The vertical core walls, meanwhile, have been completed up to the roof, with ASGC noting that it is using a pin connection system to fix the upper part of the building – from the fifth to seventh floors – to the core walls, ensuring stability and correct alignment .
“The steel structure, which is approximately 5,700 tonnes, is prefabricated and progressing from the fourth to seventh floors,” says Samy, who notes that the project, with a total built-up area of 54,061m2, is 22% complete, boosting ASGC’s confidence that its 2018 target completion date will be met.
He admits, however, that time has been a challenge, especially in light of the project’s complex architectural design, which is inspired by the rehal – the book rest used for the Holy Quran – and so closely resembles an open book that the library has come to be referred to as “book-shaped”.

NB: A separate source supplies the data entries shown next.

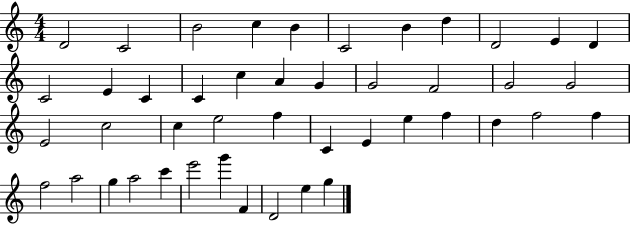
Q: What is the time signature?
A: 4/4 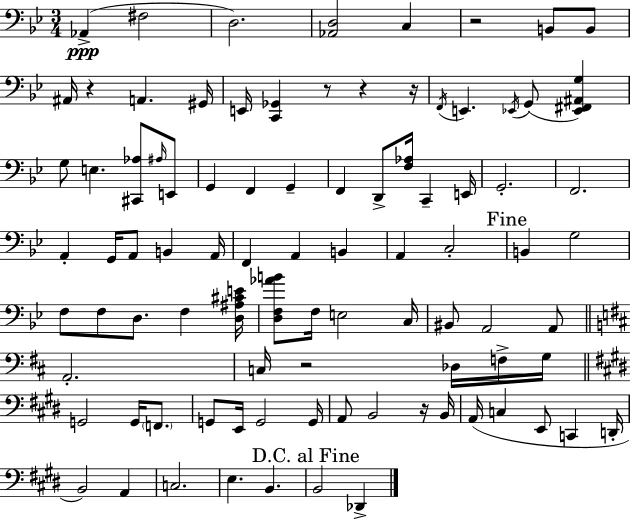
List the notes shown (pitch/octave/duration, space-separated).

Ab2/q F#3/h D3/h. [Ab2,D3]/h C3/q R/h B2/e B2/e A#2/s R/q A2/q. G#2/s E2/s [C2,Gb2]/q R/e R/q R/s F2/s E2/q. Eb2/s G2/e [Eb2,F#2,A#2,G3]/q G3/e E3/q. [C#2,Ab3]/e A#3/s E2/e G2/q F2/q G2/q F2/q D2/e [F3,Ab3]/s C2/q E2/s G2/h. F2/h. A2/q G2/s A2/e B2/q A2/s F2/q A2/q B2/q A2/q C3/h B2/q G3/h F3/e F3/e D3/e. F3/q [D3,A#3,C#4,E4]/s [D3,F3,Ab4,B4]/e F3/s E3/h C3/s BIS2/e A2/h A2/e A2/h. C3/s R/h Db3/s F3/s G3/s G2/h G2/s F2/e. G2/e E2/s G2/h G2/s A2/e B2/h R/s B2/s A2/s C3/q E2/e C2/q D2/s B2/h A2/q C3/h. E3/q. B2/q. B2/h Db2/q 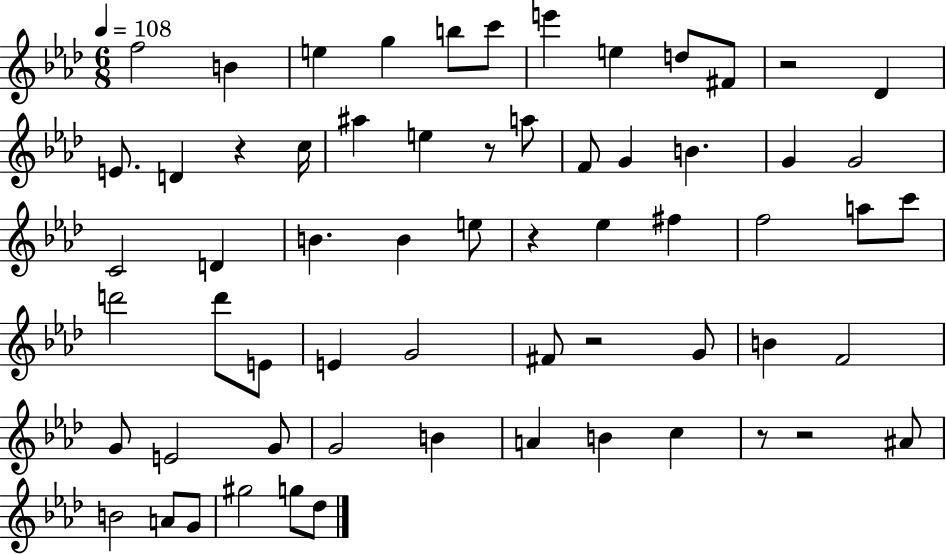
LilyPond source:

{
  \clef treble
  \numericTimeSignature
  \time 6/8
  \key aes \major
  \tempo 4 = 108
  f''2 b'4 | e''4 g''4 b''8 c'''8 | e'''4 e''4 d''8 fis'8 | r2 des'4 | \break e'8. d'4 r4 c''16 | ais''4 e''4 r8 a''8 | f'8 g'4 b'4. | g'4 g'2 | \break c'2 d'4 | b'4. b'4 e''8 | r4 ees''4 fis''4 | f''2 a''8 c'''8 | \break d'''2 d'''8 e'8 | e'4 g'2 | fis'8 r2 g'8 | b'4 f'2 | \break g'8 e'2 g'8 | g'2 b'4 | a'4 b'4 c''4 | r8 r2 ais'8 | \break b'2 a'8 g'8 | gis''2 g''8 des''8 | \bar "|."
}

He says that because the project has cantilevered components, the steel structure has been “difficult” to implement, adding that coordinating with the subcontractors for the steel structure, cladding, and glass has also been an issue.
“The main challenge of the project is closing the envelope, because of the sequence of work involved,” he elaborates. “You need to complete the higher level first before you can start on the lower level, so [...] coordination among the subcontractors was complicated.”
Explaining how ASGC addressed these issues, he continues: “We did a detailed mission statement by dividing the building zone by zone, starting with the higher level. We identified how we can go zone by zone for the steel structure, the cladding, and then glass. And after that, remove the scaffolding to start on the lower level. We are using the mission statement to coordinate with the subcontractors already on site.”
These subcontractors include Al Shafar Steel Engineering (ASSENT), Emirates Beton, and the main MEP subcontractor, Al Shafar United, all three of which are ASGC subsidiary companies.
ASGC is also working with JML, the glass subcontractor, and Affan, the subcontractor of the library’s skylight, which is 60m long and 16.6m wide, and made of high-performance glass.
High-performance glass, reveals Samy, covers 40%, or 10,500m2, of the project’s 26,700m2 elevation, while cladding makes up 60%, or 16,200m2.
He further notes that of the 10,500m2 of glass elevation, 7,600m2 or 72% is made of smart glass, making the MBR Library the largest project in the UAE to make use of what he describes as “tintable” electronic glazing that comes with automated daylight control, and can be programmed to achieve the desired shading inside the library.
“For example, if someone needs to make a presentation and wants certain areas to be dark, the mobile app [can be used] to override the daylight programme,” he explains, emphasising that technology not only will feature prominently in the library’s operations but is also a major tool being used in its construction, from building information modelling (BIM) to drones.
The latter, he says, are being employed by the company to monitor the progress on the project. “Once a week, we view a video captured by a drone camera, and we also have a time-lapse camera,” he says.
The use of construction technologies is not limited to the library project but characterises ASGC’s general project portfolio, notes Samy.
The firm is working on more than $2.1bn (AED7.8bn) worth of projects at the moment, including the Dubai Mall expansion, Dubai Airport Terminal 1, and Abu Dhabi’s Marina Bloom all high-profile projects, and reflective of the UAE’s active construction industry and continued growth as a country.
And it is this growth that initiatives like the MBR Library seek to support, for as Sheikh Mohammed put it: “The human mind is the centre of development, and the book is the tool used to renew the mind. A nation can never grow without a renewed mind and a lively, knowledgeable spirit.”